Directions for this task
Leave the pictures aside. Retype exactly the lines from the top of the data below through the one holding "JEEP RENEGADE image 3".

*** Data excerpt ***

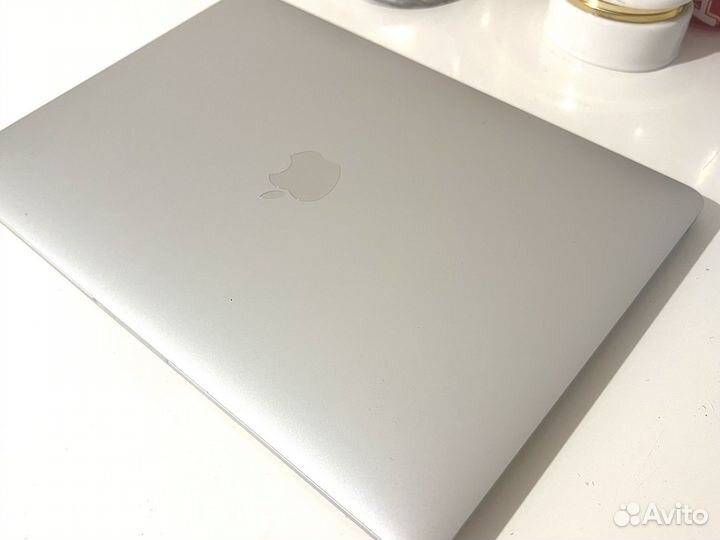 Apple macbook pro 13 2020 m1 8gb 256gb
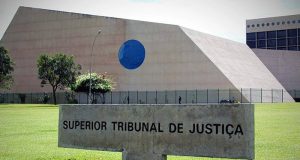 Lava Jato bate à porta do judiciário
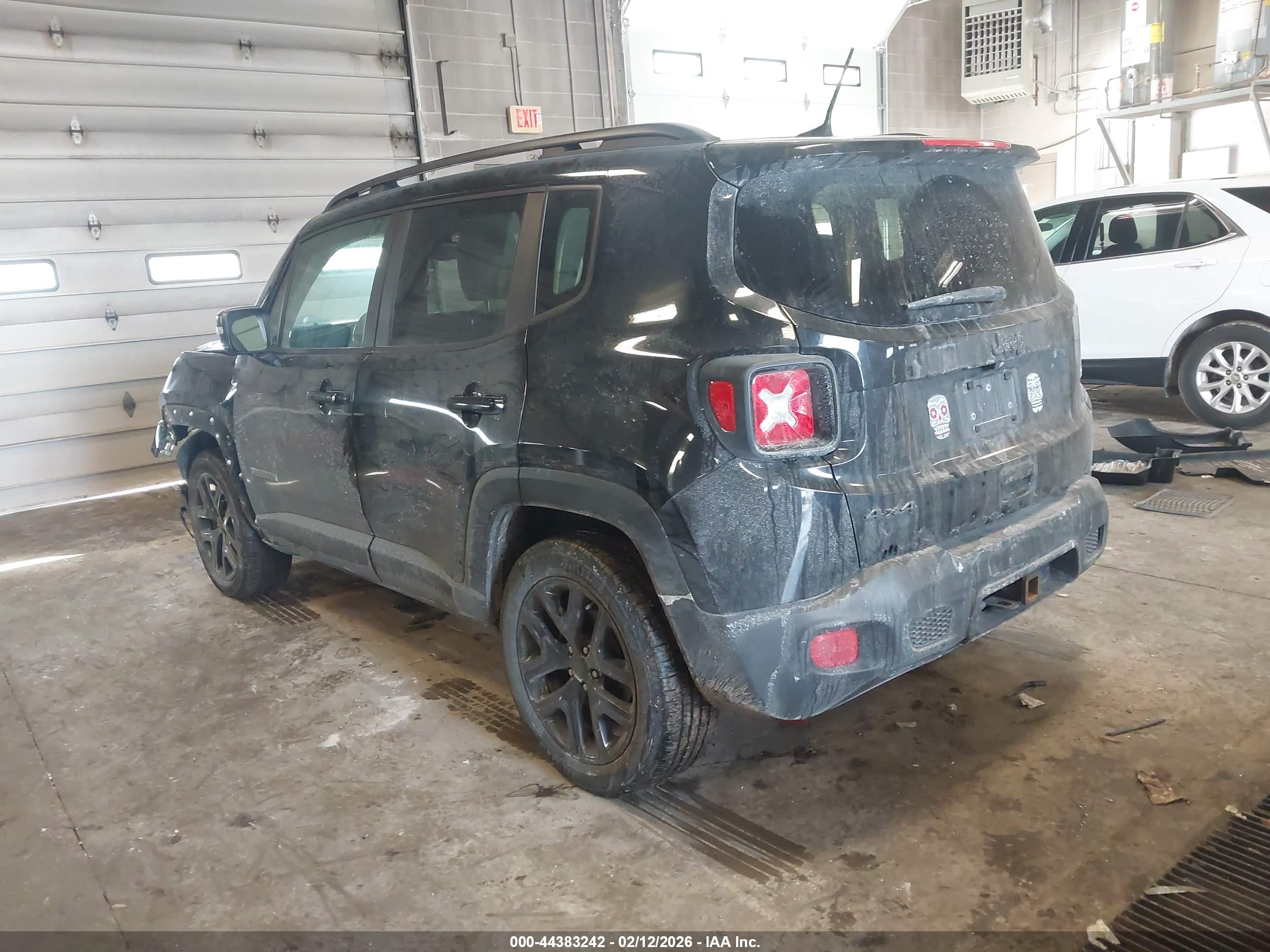 JEEP RENEGADE image 3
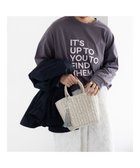 【テチチ/Te chichi】のエンブロイダリーロゴTシャツ 人気、トレンドファッション・服の通販 founy(ファニー) ファッション Fashion レディースファッション Fashion for Women トップス・カットソー Cut & Sew Tops シャツ・ブラウス・オフィスカジュアル Elegant Blouses & Button-Ups ロングTシャツ・Tシャツ Longline T-Shirts & Tees カットソー・ベーシックTシャツ Cut-and-Sewn Tops / Stretch Tees & Basics インナー Innerwear カットソー Cut and Sewn Top ジャケット Jacket, Outerwear スラックス Slacks, Dress Pants スリーブ Sleeve, Long Sleeve / Short Sleeve デニム Denim, Jeans Material ベスト Vest, Waistcoat ロング Long, Long-Length ワイド Wide, Wide Fit 夏 Summer S/S・春夏 SS, Spring/Summer, Warm Season A/W・秋冬 Autumn/Winter thumbnail チャコールグレー|ID: prp329100004868254 ipo3291000000036273013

*** End of Data excerpt ***

Response below
 Apple macbook pro 13 2020 m1 8gb 256gb
 Lava Jato bate à porta do judiciário
 JEEP RENEGADE image 3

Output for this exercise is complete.